Required action
Please repeat exactly the lines from the one containing "दिवाळीपासून भाववाढ Oil" to the end of the entries below, both included, and omit all pictures.
[Opening Data provided section]
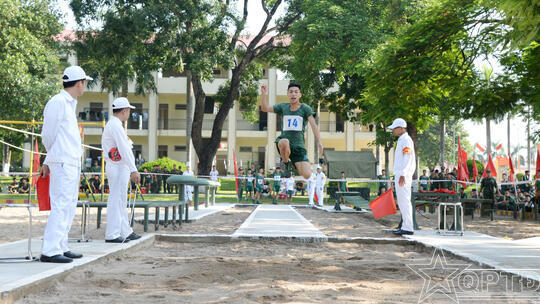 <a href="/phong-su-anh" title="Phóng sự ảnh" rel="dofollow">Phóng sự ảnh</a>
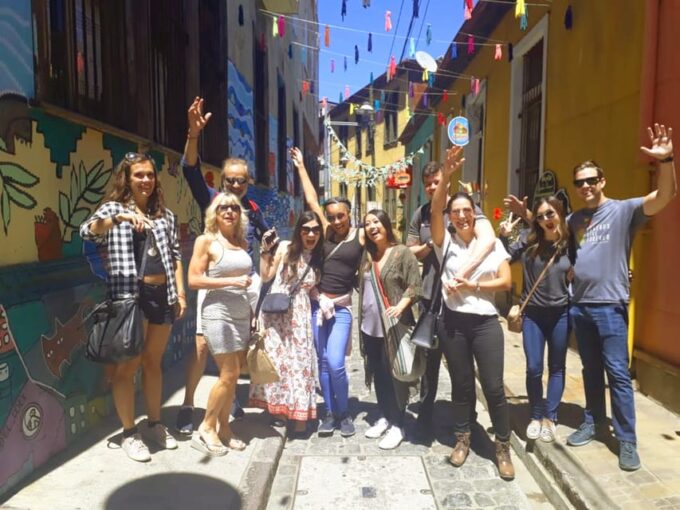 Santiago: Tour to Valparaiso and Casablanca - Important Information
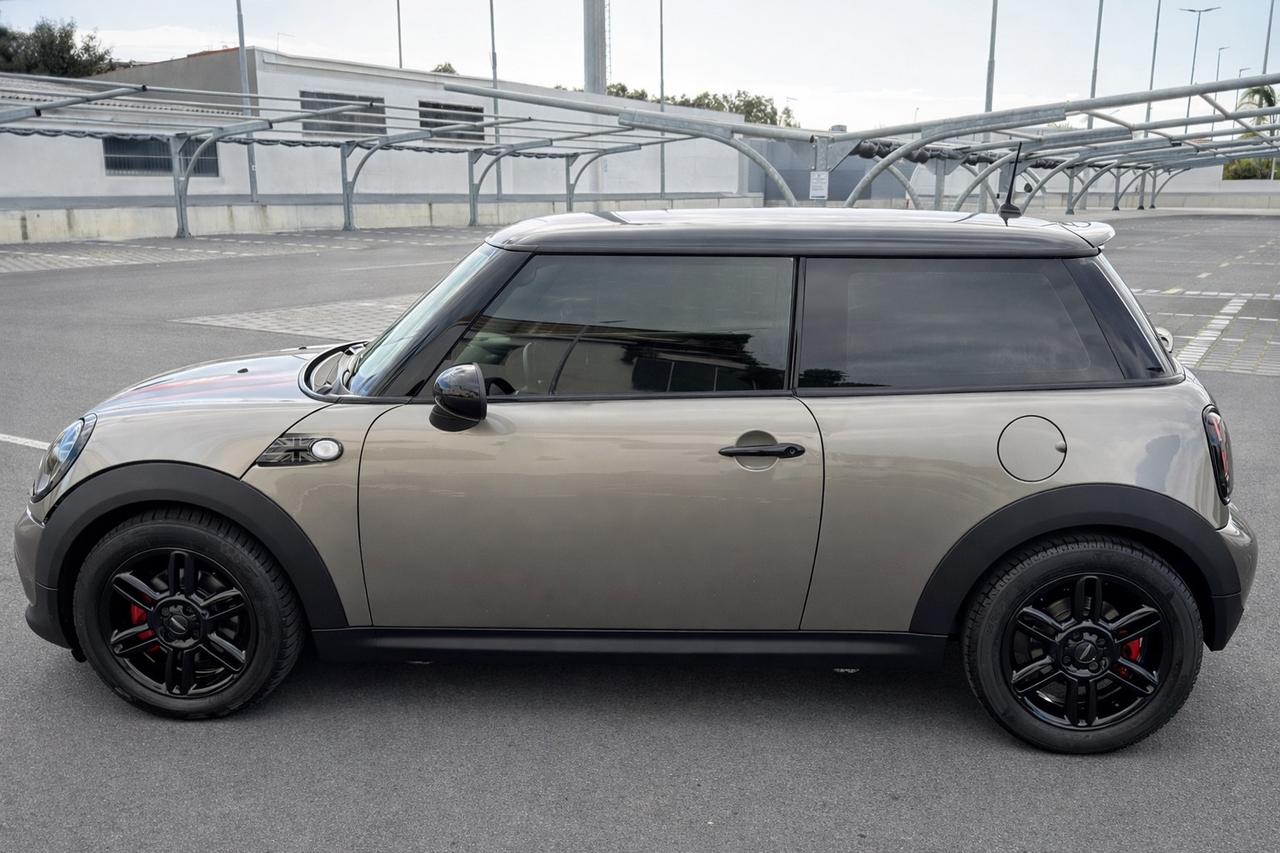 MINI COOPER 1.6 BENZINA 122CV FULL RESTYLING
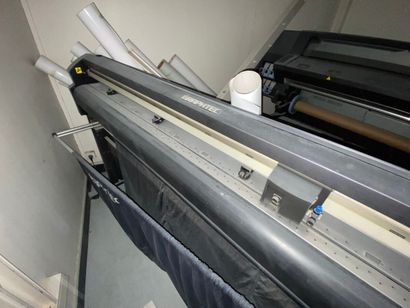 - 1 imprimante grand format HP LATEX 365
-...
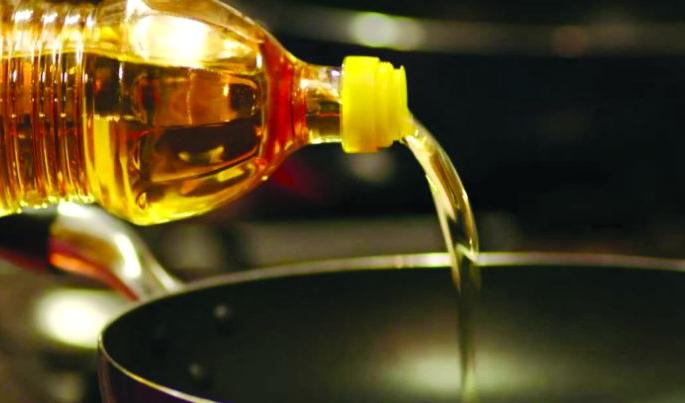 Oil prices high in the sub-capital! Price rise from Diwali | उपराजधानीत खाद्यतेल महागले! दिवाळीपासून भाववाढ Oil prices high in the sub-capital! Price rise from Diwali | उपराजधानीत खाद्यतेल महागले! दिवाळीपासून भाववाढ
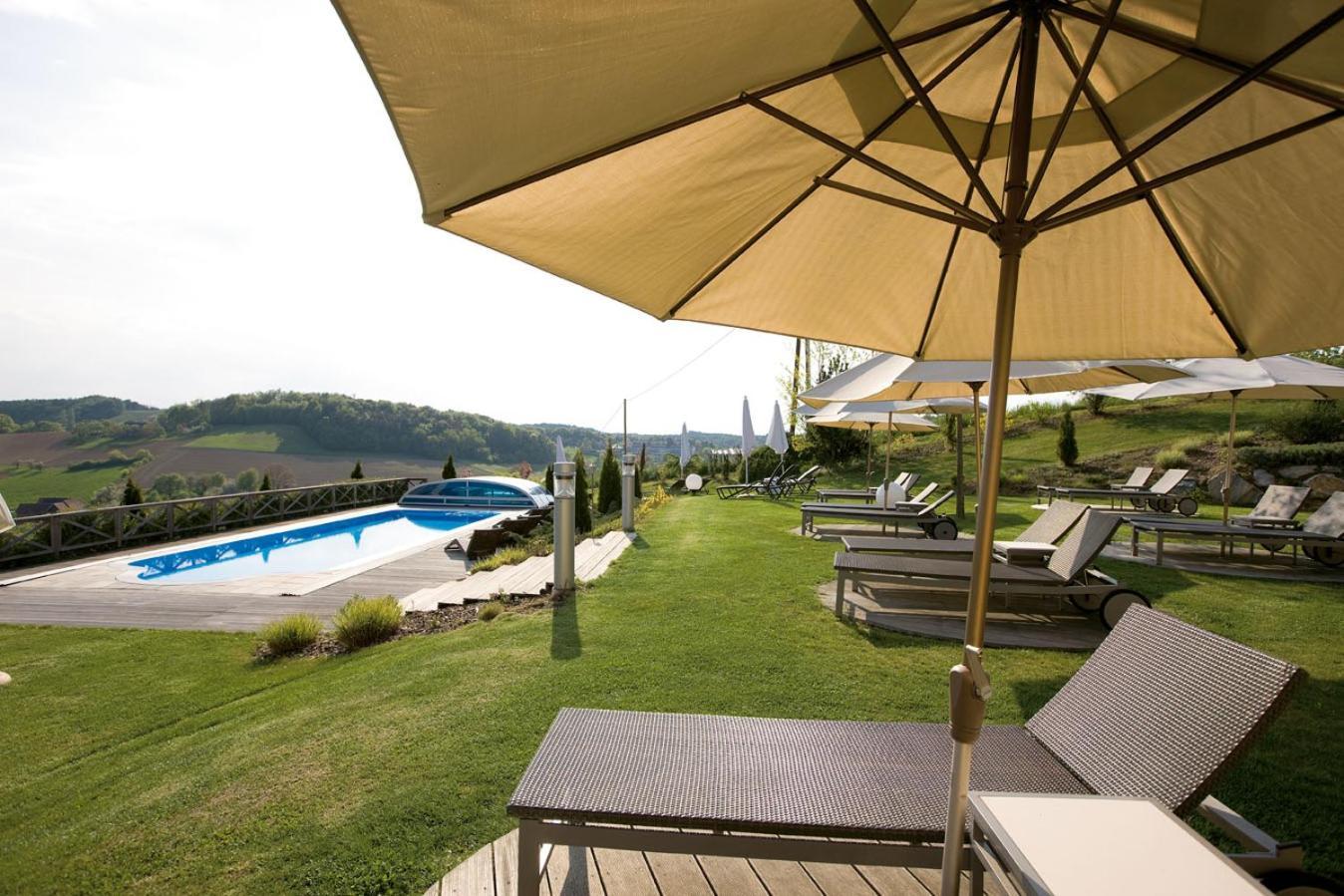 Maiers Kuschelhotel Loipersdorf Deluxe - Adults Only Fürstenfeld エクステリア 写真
[Closing Data provided section]
Written answer
 Oil prices high in the sub-capital! Price rise from Diwali | उपराजधानीत खाद्यतेल महागले! दिवाळीपासून भाववाढ Oil prices high in the sub-capital! Price rise from Diwali | उपराजधानीत खाद्यतेल महागले! दिवाळीपासून भाववाढ
 Maiers Kuschelhotel Loipersdorf Deluxe - Adults Only Fürstenfeld エクステリア 写真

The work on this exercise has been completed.